# [WORK INSTRUCTION]
Where a line in the entries below contains the word "skin", it counts; give the total by itself.

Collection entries
##########
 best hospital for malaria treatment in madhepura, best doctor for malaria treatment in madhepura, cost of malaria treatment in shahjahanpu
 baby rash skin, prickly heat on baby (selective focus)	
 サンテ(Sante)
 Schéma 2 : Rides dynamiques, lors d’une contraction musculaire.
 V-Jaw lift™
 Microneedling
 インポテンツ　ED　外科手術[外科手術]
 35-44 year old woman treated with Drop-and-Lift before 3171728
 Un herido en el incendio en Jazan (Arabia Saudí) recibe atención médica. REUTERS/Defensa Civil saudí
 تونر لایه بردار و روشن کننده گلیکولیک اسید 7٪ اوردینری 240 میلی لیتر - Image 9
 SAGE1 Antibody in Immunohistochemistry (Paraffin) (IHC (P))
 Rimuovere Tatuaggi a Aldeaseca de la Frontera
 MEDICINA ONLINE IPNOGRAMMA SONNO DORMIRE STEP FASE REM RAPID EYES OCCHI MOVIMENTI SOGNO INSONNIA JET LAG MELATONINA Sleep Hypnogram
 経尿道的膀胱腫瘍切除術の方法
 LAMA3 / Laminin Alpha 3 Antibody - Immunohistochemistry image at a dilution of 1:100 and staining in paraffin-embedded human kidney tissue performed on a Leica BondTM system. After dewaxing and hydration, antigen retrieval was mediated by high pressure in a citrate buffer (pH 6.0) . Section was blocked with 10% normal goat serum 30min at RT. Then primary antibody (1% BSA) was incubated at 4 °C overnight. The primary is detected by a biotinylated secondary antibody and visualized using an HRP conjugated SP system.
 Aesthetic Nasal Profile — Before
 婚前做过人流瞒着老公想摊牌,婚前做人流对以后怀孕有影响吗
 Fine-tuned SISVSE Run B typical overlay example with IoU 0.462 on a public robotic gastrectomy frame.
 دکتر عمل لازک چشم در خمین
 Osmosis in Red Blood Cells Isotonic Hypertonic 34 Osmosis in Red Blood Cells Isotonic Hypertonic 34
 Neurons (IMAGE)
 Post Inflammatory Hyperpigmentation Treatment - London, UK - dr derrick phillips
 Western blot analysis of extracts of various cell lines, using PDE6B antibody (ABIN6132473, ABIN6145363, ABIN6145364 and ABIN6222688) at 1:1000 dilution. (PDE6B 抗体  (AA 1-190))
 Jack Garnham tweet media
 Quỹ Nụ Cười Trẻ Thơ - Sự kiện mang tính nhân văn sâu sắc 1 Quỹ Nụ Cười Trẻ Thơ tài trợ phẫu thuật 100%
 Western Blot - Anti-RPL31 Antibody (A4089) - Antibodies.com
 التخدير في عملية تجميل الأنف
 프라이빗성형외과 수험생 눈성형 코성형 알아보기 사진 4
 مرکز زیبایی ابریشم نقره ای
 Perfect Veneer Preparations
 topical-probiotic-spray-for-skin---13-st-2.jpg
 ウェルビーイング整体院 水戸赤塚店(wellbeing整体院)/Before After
##########
# [COMPLETED EXERCISE]
2